The Story
Why it exists.
The beginning
Mezza Luna, half moon in Italian, takes its name from that threshold hour when daylight surrenders but darkness hasn't fully arrived. The moon hangs suspended, neither rising nor setting. That in-between quality is the entire brief. Aldehydes do something similar: they sit between citrus and floral, neither fully one nor the other. The composition opens bright, waxy, almost metallic, then builds a heart of peach and green apple that never quite ripens, suspended in that same half-lit moment. The aldehydic brightness carries through, giving the top notes a crisp, sparkling quality that lingers before the fruit and floral layers emerge. There's a persistent tension throughout, a quality that refuses to settle into anything predictable.

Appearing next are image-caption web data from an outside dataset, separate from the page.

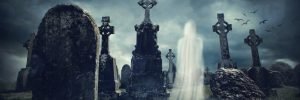 Spooky old graveyard and a ghost at night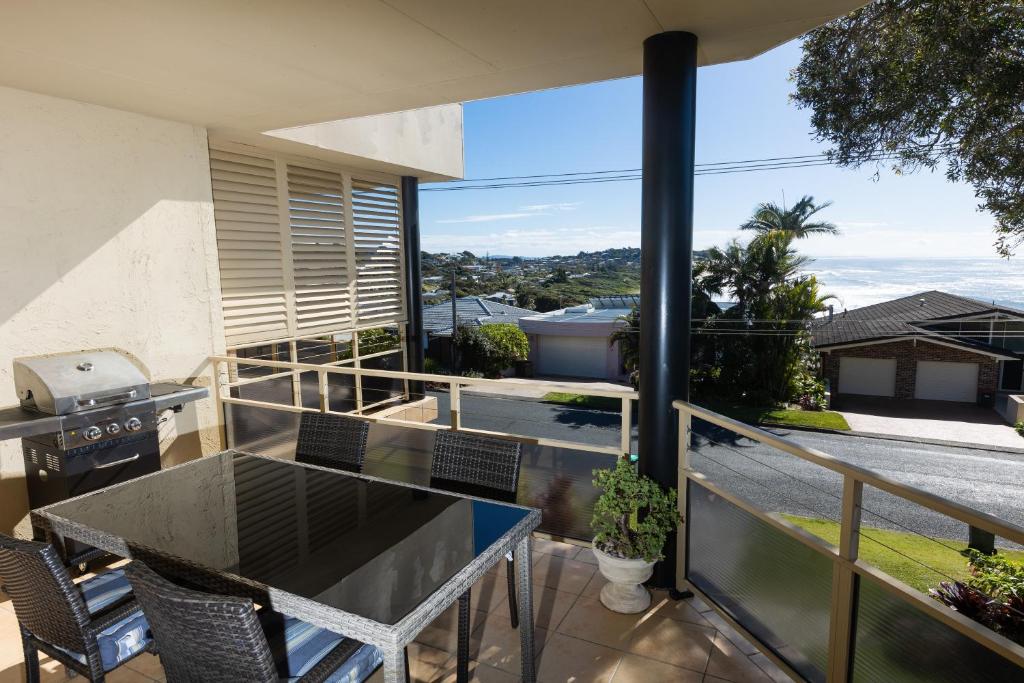 a balcony with a table and chairs and a view of the ocean at Seachange in Forster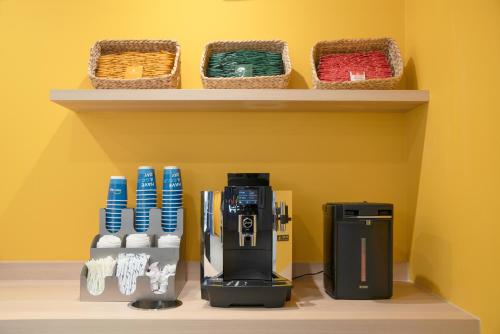 a coffee maker on a shelf with baskets at Hop Inn Tokyo Iidabashi in Tokyo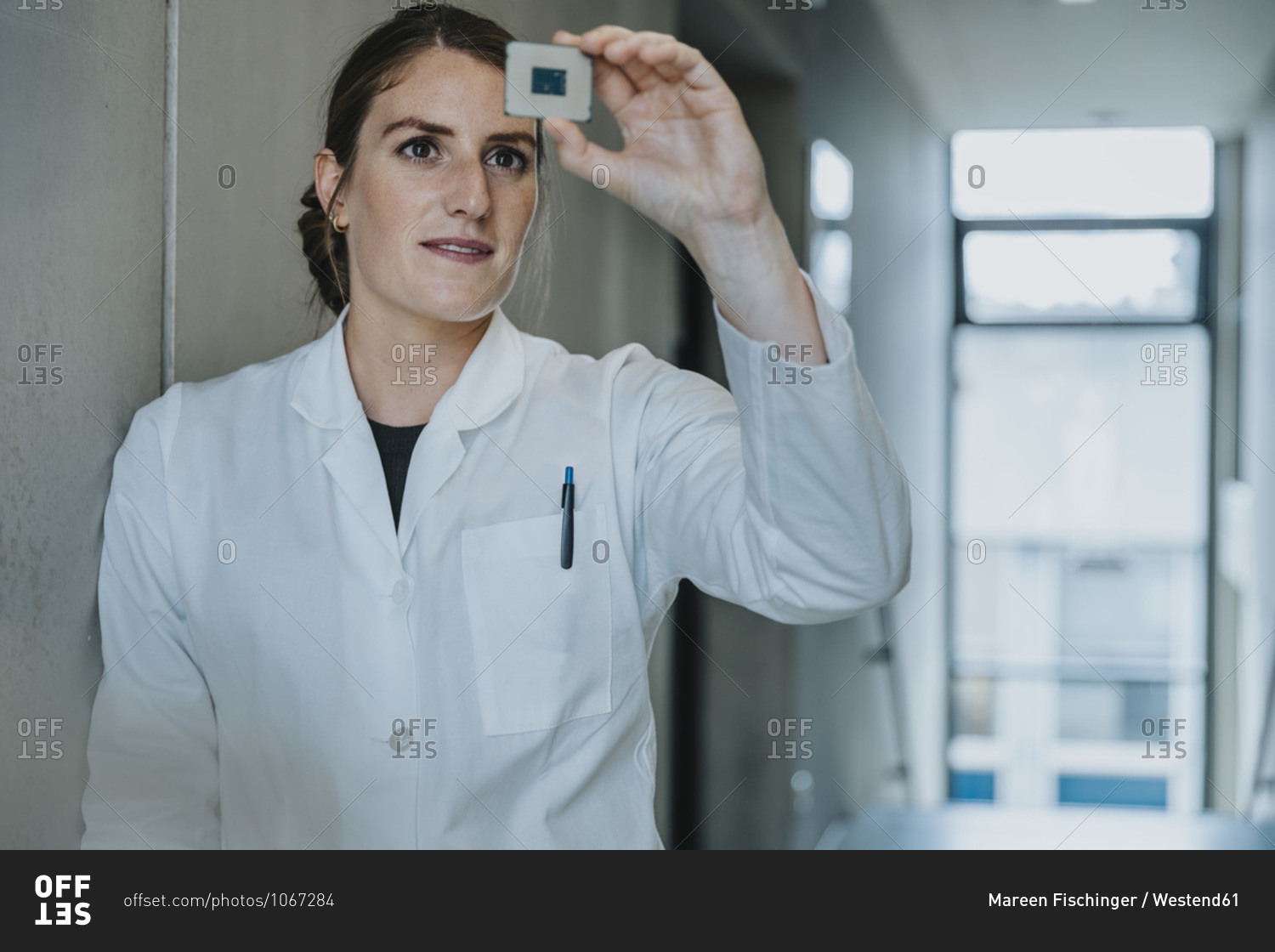 Female scientist holding computer chip while leaning on wall at clinic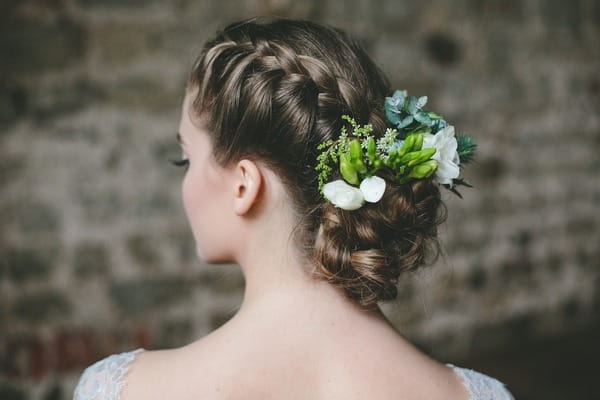 Bride with updo braid hairstyle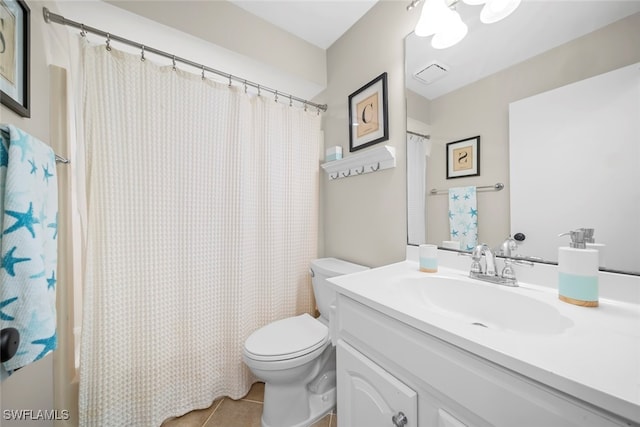 bathroom with a shower with curtain, vanity, toilet, and tile patterned floors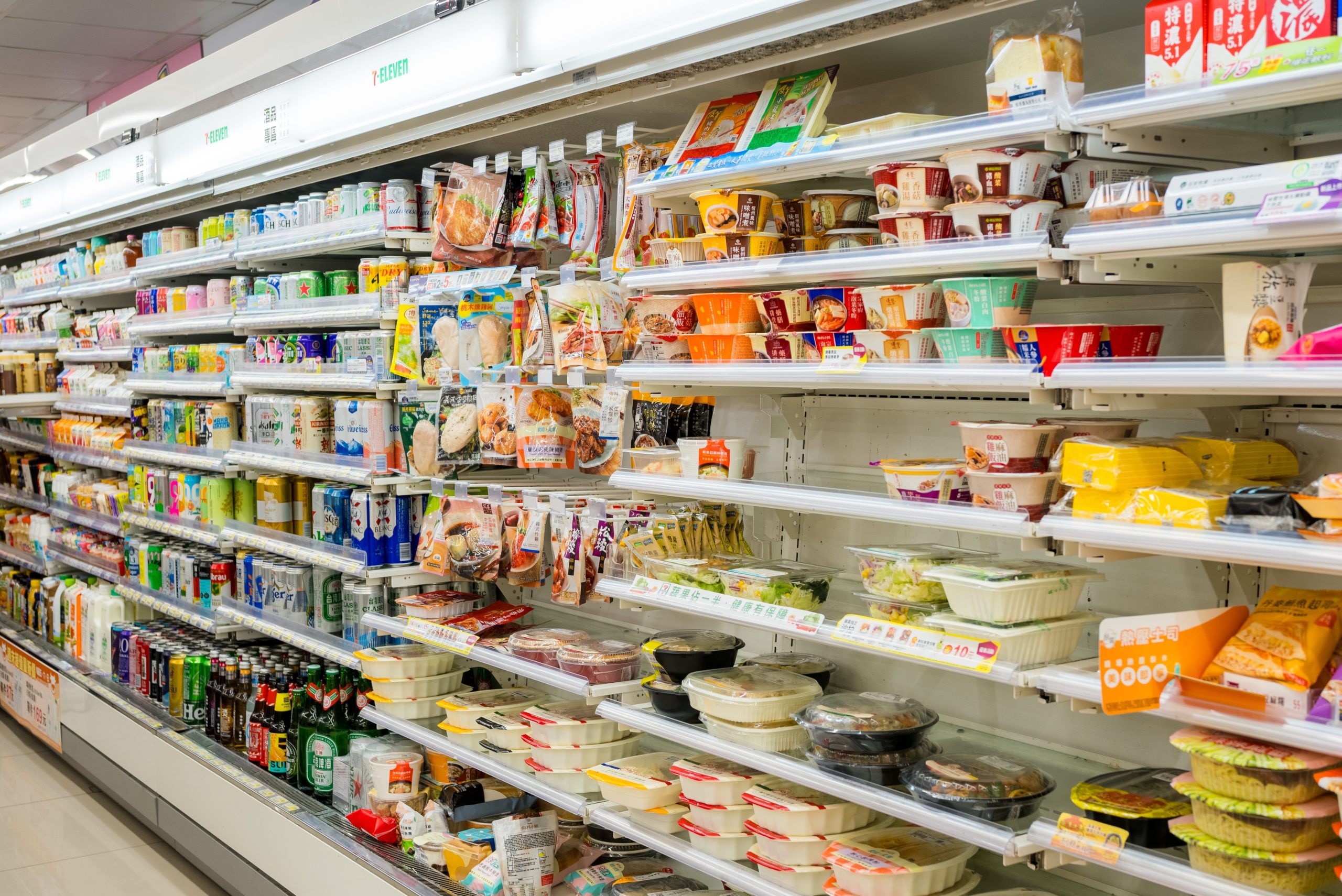 An aisle in a the refrigerated section of a convenience store.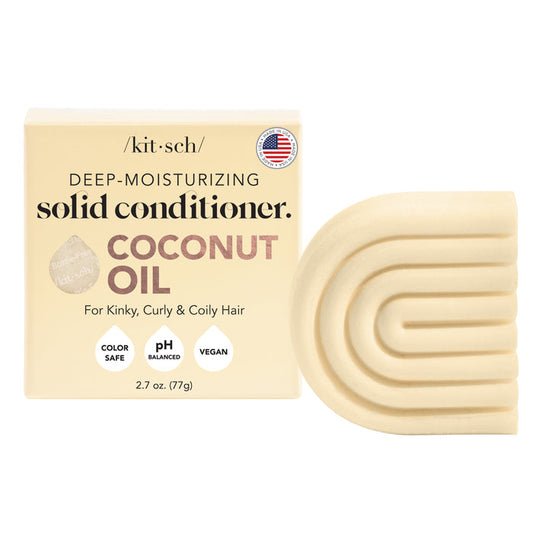 A solid conditioner bar lies next to its box labeled Kitsch Coconut Oil Deep Moisturizing Conditioner Bar, designed for kinky, curly, and coily hair. It assures users its color-safe, pH balanced, and vegan-friendly.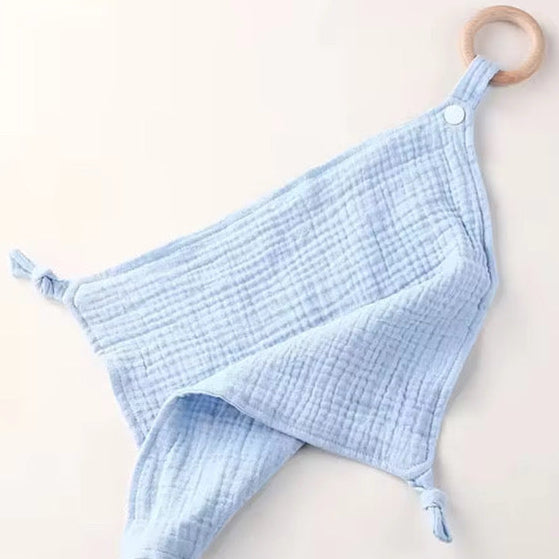 Sky-blue muslin comforter with natural wooden teething ring, soft and gentle on baby’s skin.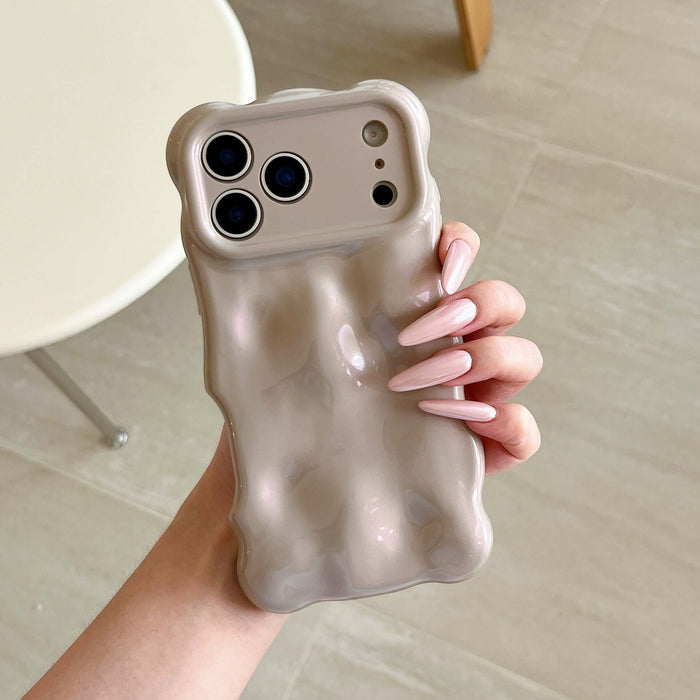 Simple Bubble Wave Pearl Drop-Proof Phone Case Cover held in hand with stylish long nails.
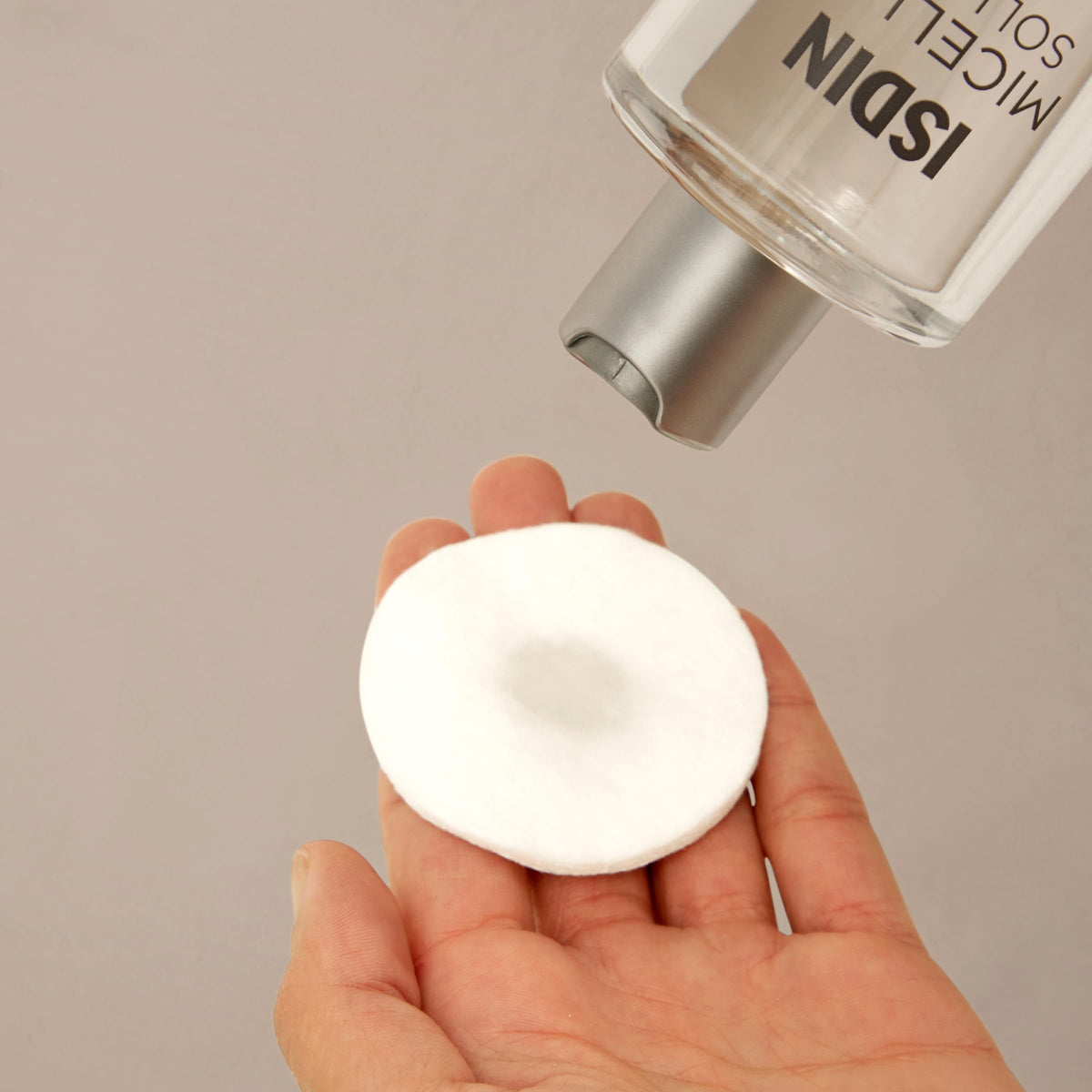 ISDIN micellar open cap with pour demonstrating easy controlled dispensing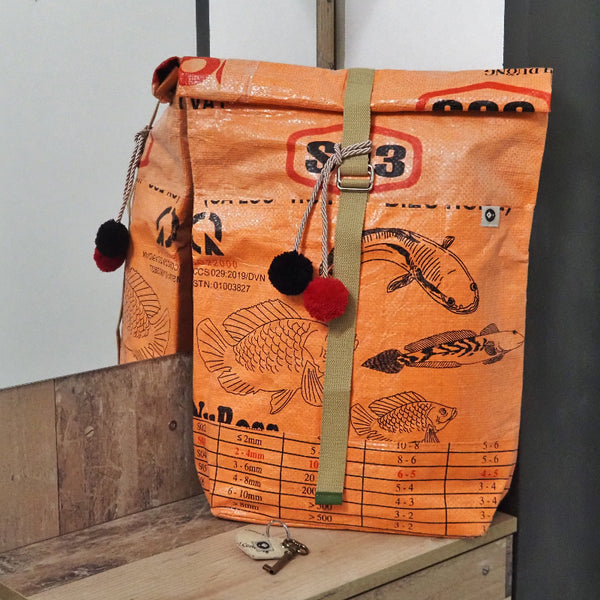 Rucksack orange mit Fischmotiv und Bommeln vor einem Spiegel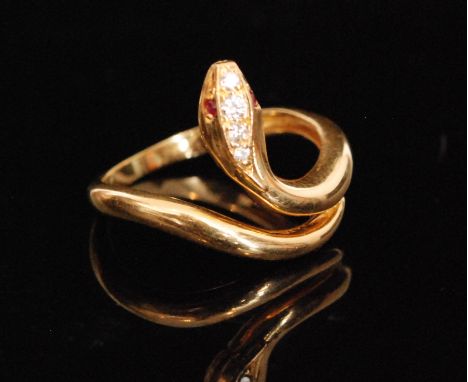 A modern 18ct hallmarked snake ring with diamond set head and ruby set eyes, ring size Q. 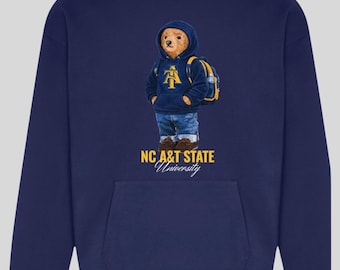 May include: Navy blue hoodie with a cartoon bear wearing a hoodie with the NC A&T State University logo. The bear is also wearing denim shorts and a backpack. The text "NC A&T STATE University" is printed below the bear.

The aldehydes give this fragrance its distinctive character. The green notes, galbanum especially, bring a sharp snap to the aldehydic opening rather than a simple sparkle. Around that core, jasmine and lily of the valley add a dewy morning quality while raspberry and peach introduce a sweetness that remains fruit-forward, never quite floral. The result is a fragrance that balances retro elegance with contemporary wearability, evoking that liminal space between day and night without feeling locked into any single era.
The evolution
The opening hits fast, aldehyde brightness that expands in the first minutes, then contracts. Galbanum arrives with a green bite that cuts through the sweetness. Bergamot and tangerine flash bright, almost bitter, before the florals take over. The heart phase is where Mezza Luna earns its name: jasmine and rose bloom soft and round, but there's always something not quite resolved, a green apple tartness that interrupts the warmth, a lily of the valley edge that keeps the florals from settling into comfort. The base does something interesting too. Sandalwood arrives creamy and warm, but vetiver keeps it earthy, slightly rooty. Oakmoss whispers green from underneath. Musk wraps everything close. The drydown settles into something powdery and warm that stays close to the skin, intimate rather than room-filling.
Cultural impact
Mezza Luna occupies an interesting space, French aldehydic florals made for wearing, not just admiring. The aldehydes give it that retro elegance without feeling dated. The scent invites closer attention, staying close to the skin rather than announcing itself loudly. Jeanne Arthes has been creating fragrances for decades, and this one holds a distinctive position among aldehydic compositions, appealing to those who appreciate the classic genre.